When will paystubs be posted this week on workday does anybody know?


----------



## Budweisered4 (Dec 23, 2019)

Amanda Cantwell said:


> ... it doesn’t, unless you’re a TL, then you’re paid an 8 hour shift I think?


I’m not signed off as a lead but do cover for them when needed and I’m a full time old timer and I still get the 8hr holiday pay just like them


----------



## JAShands (Dec 23, 2019)

danny4678 said:


> When will paystubs be posted this week on workday does anybody know?


Since today is still when payroll has to be squared away I would imagine Wednesday still. Once it’s locked (Monday afternoon) it’s an automated process so being closed shouldn’t stop updates from occurring.


----------



## Aae19 (Dec 23, 2019)

danny4678 said:


> When will paystubs be posted this week on workday does anybody know?

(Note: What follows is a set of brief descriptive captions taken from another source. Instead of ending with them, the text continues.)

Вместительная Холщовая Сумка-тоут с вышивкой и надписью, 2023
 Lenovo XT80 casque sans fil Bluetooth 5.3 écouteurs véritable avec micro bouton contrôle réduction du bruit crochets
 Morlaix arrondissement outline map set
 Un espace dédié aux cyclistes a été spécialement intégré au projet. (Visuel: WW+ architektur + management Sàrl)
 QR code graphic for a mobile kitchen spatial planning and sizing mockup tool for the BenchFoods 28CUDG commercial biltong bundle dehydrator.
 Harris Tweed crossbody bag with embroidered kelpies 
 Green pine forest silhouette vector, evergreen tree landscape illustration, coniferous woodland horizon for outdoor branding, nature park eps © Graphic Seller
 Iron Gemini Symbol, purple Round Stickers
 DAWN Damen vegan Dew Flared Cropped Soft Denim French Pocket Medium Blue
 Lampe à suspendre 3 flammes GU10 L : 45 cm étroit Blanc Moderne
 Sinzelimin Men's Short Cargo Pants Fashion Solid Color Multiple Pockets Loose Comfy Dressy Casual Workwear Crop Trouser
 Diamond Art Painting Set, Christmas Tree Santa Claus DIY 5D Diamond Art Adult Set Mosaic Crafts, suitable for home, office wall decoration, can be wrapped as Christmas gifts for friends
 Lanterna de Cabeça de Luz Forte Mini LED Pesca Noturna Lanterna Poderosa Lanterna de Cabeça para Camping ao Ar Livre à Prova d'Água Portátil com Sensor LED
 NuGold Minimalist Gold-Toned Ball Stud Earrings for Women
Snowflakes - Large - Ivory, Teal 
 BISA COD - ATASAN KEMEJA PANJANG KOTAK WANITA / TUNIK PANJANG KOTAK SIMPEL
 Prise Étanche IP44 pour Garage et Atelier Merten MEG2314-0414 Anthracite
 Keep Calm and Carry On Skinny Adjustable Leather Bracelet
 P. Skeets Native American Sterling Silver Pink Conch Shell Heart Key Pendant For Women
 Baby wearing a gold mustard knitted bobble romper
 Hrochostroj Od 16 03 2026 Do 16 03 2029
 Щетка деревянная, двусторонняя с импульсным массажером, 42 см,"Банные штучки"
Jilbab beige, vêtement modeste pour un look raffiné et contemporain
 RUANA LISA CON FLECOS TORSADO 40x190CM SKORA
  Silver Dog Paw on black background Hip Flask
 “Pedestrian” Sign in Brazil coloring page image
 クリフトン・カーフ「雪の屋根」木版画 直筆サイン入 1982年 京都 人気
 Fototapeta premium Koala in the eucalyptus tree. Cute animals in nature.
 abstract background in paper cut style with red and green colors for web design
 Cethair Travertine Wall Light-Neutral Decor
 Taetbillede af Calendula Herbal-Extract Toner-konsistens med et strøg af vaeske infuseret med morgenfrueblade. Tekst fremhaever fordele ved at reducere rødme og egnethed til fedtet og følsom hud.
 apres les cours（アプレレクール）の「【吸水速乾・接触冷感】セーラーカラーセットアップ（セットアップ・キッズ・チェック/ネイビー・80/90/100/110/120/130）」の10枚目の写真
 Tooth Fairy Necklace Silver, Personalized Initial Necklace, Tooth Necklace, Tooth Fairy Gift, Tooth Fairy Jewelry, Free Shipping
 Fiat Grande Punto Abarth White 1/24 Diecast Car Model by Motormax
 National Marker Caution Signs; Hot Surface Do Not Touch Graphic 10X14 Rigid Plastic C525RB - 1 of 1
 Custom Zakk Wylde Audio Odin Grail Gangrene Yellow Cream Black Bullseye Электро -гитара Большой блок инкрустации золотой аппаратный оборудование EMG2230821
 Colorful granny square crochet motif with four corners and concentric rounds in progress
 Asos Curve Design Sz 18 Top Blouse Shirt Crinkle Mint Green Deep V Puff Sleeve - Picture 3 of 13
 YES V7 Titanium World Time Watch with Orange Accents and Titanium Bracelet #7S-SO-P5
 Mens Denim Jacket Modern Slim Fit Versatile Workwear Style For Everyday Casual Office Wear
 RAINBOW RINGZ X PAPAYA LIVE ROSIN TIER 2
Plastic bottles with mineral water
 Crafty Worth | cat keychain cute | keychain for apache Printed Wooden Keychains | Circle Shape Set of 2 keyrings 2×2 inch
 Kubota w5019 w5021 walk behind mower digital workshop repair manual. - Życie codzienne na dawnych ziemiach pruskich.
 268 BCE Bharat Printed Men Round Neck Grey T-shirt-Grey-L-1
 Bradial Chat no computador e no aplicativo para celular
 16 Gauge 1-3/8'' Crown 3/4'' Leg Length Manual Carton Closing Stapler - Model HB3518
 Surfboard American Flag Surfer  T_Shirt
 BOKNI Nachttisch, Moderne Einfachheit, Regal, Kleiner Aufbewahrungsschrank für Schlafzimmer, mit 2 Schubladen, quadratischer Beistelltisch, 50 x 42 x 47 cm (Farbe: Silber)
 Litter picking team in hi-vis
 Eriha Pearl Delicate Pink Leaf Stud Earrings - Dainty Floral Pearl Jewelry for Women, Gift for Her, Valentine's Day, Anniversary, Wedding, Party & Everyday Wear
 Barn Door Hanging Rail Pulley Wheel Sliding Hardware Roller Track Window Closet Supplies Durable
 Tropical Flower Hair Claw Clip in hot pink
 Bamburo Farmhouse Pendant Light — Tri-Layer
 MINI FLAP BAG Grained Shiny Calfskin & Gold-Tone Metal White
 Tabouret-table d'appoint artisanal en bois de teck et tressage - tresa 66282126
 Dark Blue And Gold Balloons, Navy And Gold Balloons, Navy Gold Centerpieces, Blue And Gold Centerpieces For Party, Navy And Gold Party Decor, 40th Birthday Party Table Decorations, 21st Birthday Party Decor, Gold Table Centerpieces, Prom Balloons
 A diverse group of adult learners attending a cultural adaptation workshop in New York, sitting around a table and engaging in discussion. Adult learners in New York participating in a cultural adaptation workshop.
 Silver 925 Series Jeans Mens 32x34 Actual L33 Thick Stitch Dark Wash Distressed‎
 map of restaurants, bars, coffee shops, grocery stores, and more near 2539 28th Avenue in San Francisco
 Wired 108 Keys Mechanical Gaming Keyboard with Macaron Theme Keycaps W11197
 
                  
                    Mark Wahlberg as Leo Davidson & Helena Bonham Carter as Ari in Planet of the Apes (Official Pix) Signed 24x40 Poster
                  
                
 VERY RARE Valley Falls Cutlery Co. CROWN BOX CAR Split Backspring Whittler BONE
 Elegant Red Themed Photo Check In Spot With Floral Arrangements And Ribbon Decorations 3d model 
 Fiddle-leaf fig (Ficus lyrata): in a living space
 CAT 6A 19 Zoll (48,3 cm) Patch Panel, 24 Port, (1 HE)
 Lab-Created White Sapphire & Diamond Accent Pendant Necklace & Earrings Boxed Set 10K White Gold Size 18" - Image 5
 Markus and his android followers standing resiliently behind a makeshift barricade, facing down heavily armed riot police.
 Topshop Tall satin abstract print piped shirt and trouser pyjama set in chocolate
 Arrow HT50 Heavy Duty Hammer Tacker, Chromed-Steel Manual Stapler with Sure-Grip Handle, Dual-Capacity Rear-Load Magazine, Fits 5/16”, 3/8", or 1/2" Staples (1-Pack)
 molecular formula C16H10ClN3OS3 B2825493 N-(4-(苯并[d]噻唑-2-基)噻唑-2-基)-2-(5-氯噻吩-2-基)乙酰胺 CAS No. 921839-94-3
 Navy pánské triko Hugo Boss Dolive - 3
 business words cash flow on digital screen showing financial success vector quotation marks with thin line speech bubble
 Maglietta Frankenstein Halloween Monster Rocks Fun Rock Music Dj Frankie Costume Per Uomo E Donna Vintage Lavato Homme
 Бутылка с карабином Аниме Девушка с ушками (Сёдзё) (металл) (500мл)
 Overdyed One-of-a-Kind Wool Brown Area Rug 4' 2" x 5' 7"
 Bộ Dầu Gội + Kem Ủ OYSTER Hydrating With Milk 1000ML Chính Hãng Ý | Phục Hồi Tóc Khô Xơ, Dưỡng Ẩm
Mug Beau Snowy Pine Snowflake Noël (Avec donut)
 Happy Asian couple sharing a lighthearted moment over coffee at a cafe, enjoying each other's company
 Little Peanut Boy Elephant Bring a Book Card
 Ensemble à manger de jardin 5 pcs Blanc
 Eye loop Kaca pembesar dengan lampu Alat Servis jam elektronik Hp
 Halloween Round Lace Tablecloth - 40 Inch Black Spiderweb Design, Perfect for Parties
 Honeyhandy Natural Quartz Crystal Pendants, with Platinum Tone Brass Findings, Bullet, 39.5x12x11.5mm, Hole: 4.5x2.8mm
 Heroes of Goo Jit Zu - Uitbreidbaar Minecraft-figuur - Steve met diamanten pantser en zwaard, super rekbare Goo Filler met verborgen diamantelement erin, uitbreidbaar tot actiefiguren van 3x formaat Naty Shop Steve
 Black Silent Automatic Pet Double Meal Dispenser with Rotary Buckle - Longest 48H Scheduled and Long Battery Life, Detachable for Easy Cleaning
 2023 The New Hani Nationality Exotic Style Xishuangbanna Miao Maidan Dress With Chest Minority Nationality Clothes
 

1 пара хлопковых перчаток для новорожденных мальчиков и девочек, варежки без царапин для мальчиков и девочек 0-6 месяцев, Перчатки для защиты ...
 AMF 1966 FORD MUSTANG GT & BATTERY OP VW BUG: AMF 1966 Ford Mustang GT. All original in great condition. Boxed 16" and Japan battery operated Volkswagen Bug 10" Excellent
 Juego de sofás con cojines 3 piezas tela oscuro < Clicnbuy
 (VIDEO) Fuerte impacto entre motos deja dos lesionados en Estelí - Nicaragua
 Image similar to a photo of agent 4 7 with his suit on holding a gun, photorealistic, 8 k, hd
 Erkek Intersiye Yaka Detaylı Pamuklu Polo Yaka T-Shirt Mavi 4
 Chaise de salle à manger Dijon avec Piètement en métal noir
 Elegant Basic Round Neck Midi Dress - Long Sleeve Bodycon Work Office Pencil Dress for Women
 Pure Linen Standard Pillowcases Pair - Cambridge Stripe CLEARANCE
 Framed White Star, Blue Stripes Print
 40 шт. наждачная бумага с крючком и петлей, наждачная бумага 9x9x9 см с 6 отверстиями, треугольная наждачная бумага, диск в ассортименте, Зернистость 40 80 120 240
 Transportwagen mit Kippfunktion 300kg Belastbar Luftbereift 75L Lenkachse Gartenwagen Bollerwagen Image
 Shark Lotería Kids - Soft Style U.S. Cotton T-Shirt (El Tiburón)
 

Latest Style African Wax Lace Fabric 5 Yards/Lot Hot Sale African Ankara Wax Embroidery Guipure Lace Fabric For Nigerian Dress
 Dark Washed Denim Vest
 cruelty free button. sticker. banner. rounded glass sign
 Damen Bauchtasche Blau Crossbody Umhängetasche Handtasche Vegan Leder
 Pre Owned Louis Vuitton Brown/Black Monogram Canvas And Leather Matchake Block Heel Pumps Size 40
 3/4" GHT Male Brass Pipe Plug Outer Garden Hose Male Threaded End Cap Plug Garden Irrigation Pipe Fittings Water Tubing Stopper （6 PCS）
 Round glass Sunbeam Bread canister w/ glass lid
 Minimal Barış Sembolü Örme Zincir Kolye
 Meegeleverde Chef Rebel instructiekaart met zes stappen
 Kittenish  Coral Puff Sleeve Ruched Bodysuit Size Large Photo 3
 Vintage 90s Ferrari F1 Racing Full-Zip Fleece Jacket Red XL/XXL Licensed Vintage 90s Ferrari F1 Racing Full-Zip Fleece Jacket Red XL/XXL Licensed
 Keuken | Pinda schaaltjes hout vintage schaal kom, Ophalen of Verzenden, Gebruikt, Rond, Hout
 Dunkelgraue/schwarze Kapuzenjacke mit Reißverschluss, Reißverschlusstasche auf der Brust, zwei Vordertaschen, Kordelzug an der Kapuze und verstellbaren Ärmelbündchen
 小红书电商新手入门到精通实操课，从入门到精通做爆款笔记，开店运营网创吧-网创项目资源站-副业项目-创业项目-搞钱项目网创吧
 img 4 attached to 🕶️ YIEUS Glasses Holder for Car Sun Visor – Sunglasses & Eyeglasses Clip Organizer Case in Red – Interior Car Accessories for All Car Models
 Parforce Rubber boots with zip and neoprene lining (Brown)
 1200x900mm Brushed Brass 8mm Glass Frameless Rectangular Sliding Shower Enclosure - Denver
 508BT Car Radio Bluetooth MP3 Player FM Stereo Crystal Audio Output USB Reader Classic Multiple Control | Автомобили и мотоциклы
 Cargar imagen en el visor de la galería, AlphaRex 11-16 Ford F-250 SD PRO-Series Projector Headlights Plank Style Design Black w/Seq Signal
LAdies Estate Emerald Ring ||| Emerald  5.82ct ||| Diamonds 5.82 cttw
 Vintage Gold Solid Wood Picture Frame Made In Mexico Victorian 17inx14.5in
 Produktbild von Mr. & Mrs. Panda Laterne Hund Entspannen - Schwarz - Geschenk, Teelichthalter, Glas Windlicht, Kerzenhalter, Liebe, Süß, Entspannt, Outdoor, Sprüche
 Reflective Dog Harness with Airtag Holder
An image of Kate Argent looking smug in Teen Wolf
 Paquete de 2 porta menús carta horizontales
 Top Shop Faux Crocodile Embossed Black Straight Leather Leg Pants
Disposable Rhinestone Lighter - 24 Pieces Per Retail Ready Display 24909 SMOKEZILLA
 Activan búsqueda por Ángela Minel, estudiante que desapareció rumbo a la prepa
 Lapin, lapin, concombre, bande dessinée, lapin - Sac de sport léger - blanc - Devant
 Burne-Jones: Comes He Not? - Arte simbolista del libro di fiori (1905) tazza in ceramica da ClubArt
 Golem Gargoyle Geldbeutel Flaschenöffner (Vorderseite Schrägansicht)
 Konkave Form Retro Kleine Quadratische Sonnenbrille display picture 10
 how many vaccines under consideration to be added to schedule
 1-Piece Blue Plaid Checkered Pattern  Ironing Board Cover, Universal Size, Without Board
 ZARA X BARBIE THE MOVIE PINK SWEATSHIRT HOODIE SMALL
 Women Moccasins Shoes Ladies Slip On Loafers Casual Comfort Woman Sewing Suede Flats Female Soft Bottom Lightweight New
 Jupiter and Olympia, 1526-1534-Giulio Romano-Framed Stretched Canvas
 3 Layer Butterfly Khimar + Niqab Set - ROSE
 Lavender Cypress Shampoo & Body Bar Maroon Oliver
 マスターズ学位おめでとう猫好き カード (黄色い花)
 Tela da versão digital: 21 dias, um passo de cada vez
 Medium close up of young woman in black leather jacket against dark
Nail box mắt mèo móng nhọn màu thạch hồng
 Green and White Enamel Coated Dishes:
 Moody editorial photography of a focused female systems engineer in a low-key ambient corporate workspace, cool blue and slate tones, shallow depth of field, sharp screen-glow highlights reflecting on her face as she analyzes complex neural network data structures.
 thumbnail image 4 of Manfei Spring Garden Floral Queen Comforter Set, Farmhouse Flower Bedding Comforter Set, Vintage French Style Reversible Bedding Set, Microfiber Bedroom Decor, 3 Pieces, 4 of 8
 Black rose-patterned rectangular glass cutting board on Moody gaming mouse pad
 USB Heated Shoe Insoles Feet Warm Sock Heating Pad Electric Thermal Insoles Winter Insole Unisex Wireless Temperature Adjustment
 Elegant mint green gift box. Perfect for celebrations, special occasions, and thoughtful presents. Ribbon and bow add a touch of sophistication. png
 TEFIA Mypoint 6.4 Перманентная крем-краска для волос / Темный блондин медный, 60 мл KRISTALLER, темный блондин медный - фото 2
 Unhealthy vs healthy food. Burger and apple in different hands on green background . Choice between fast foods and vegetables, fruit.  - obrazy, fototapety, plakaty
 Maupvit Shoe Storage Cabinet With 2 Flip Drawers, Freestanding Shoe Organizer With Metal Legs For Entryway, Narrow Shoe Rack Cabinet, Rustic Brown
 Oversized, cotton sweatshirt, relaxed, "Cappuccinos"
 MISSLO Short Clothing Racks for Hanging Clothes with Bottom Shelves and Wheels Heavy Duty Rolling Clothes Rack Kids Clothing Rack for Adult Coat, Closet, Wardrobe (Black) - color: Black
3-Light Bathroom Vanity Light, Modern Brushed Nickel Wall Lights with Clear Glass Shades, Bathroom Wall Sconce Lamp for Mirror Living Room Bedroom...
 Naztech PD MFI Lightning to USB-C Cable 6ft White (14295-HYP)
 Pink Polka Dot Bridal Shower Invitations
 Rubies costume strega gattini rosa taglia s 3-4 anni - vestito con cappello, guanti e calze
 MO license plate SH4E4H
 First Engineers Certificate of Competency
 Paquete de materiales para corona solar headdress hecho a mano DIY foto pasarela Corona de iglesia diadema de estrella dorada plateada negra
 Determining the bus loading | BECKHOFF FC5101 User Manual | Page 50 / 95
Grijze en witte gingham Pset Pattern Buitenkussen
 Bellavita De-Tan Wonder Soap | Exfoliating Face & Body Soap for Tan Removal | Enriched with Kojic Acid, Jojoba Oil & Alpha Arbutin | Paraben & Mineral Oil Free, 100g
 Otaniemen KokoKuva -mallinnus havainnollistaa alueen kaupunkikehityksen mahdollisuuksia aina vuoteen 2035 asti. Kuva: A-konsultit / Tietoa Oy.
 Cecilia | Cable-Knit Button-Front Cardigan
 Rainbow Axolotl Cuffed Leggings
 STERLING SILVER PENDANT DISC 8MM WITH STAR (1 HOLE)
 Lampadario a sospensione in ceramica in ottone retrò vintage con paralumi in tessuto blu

Usually ready by noon on Wednesday.


----------



## SigningLady (Dec 23, 2019)

I'm not a lead either and I get 7.25 hours of holiday pay.


----------



## Ashfromoldsite (Dec 23, 2019)

Amanda Cantwell said:


> ... it doesn’t, unless you’re a TL, then you’re paid an 8 hour shift I think?


And if your average hours is more than 30 and you’ve been there long enough to get benefits. You will also get 8 hours of pay for Christmas Day whether you work or not.


----------